YOUR GOAL>
Copy the data exactly; pictures stay out of the copy.

[INFORMATION SHOWN — start]

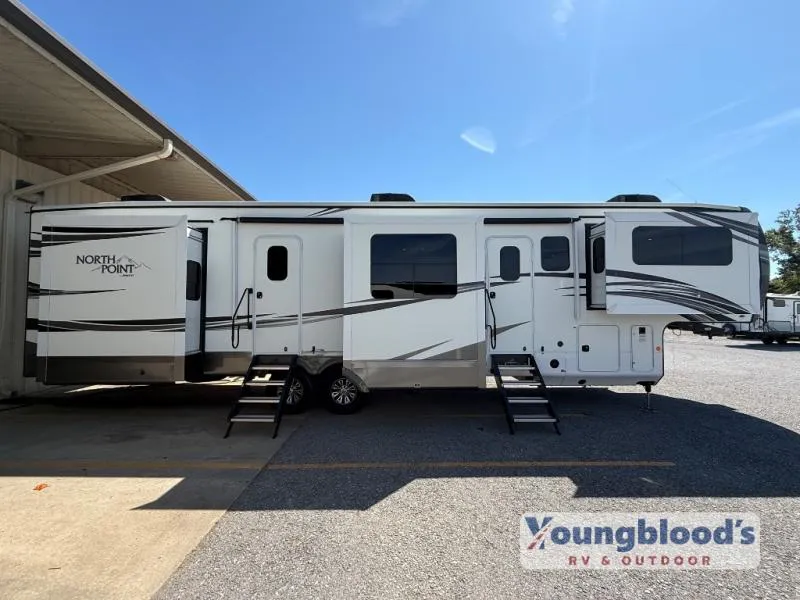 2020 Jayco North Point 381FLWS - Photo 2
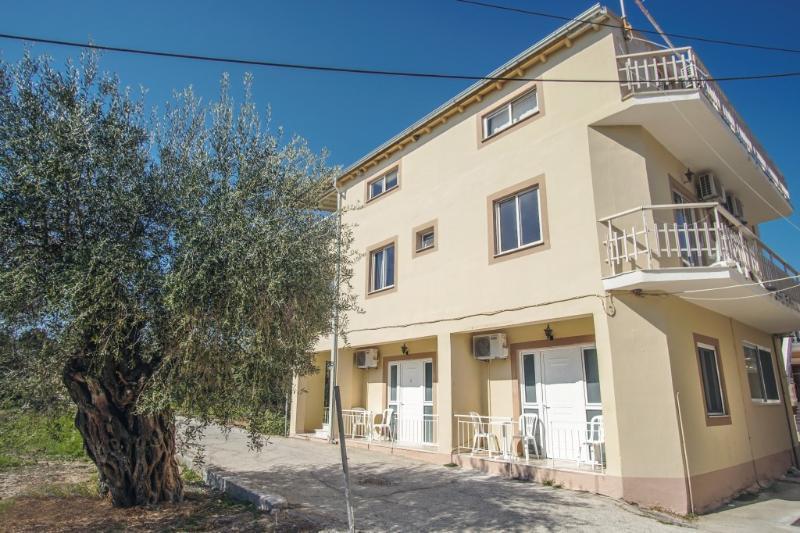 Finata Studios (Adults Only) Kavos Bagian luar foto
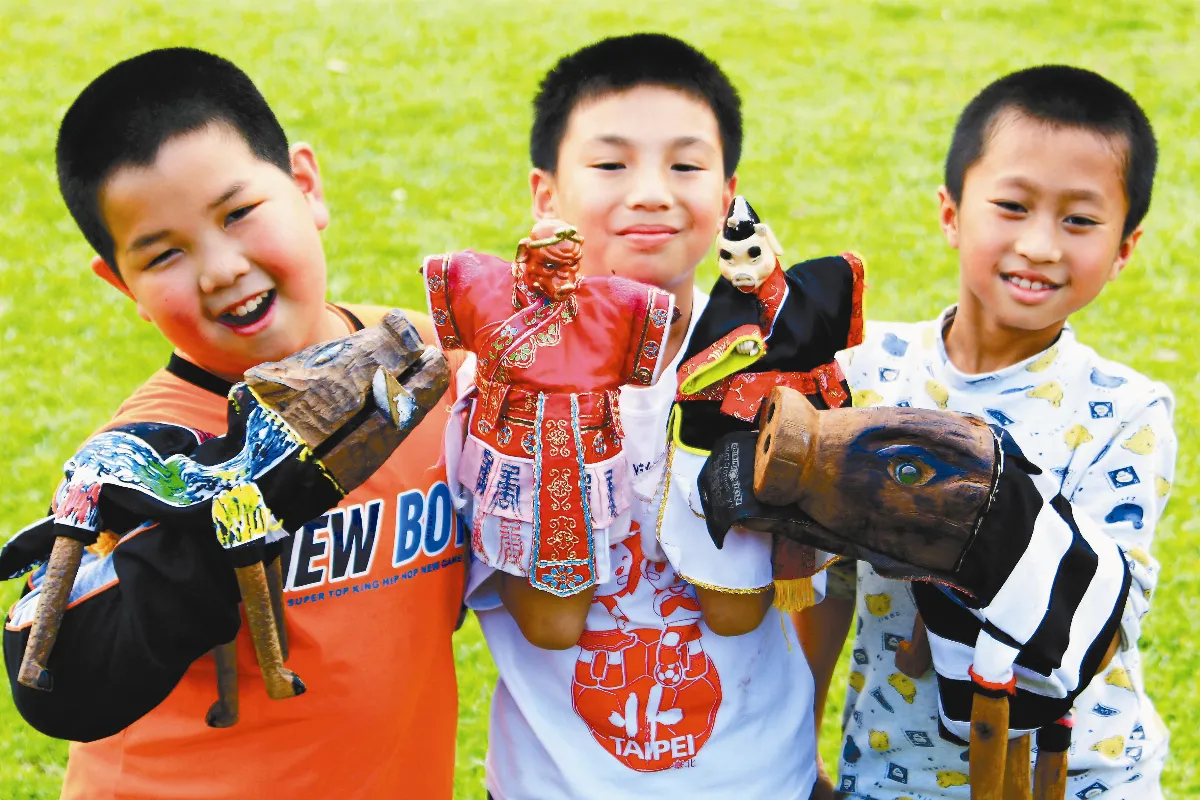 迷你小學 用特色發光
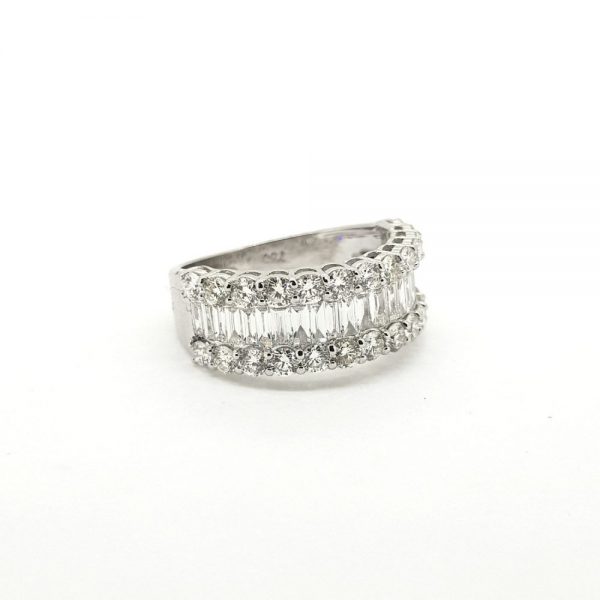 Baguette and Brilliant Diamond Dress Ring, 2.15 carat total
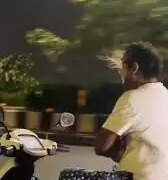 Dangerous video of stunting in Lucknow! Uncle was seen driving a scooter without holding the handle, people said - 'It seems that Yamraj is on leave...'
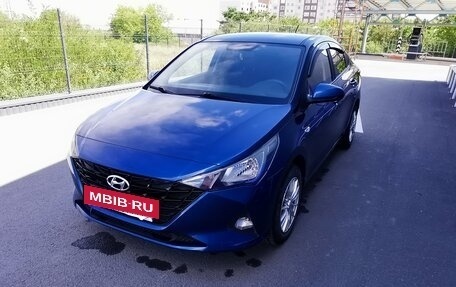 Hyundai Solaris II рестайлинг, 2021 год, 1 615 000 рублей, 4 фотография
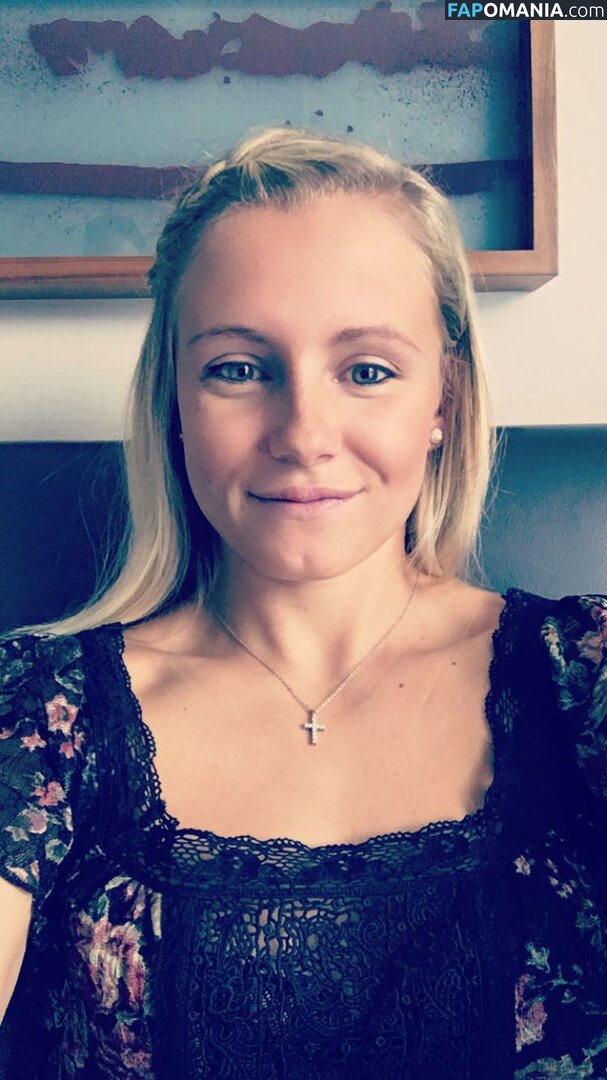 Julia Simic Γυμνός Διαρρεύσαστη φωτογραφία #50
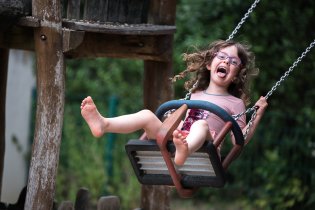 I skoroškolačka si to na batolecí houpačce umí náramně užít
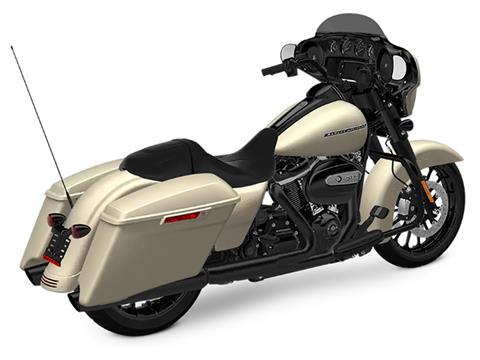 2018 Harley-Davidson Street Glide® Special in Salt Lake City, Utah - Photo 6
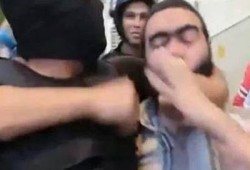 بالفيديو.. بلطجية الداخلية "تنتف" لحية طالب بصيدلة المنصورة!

[INFORMATION SHOWN — finish]

EXPECTED OUTPUT>
 2020 Jayco North Point 381FLWS - Photo 2
 Finata Studios (Adults Only) Kavos Bagian luar foto
 迷你小學 用特色發光
 Baguette and Brilliant Diamond Dress Ring, 2.15 carat total
 Dangerous video of stunting in Lucknow! Uncle was seen driving a scooter without holding the handle, people said - 'It seems that Yamraj is on leave...'
 Hyundai Solaris II рестайлинг, 2021 год, 1 615 000 рублей, 4 фотография
 Julia Simic Γυμνός Διαρρεύσαστη φωτογραφία #50
 I skoroškolačka si to na batolecí houpačce umí náramně užít
 2018 Harley-Davidson Street Glide® Special in Salt Lake City, Utah - Photo 6
 بالفيديو.. بلطجية الداخلية "تنتف" لحية طالب بصيدلة المنصورة!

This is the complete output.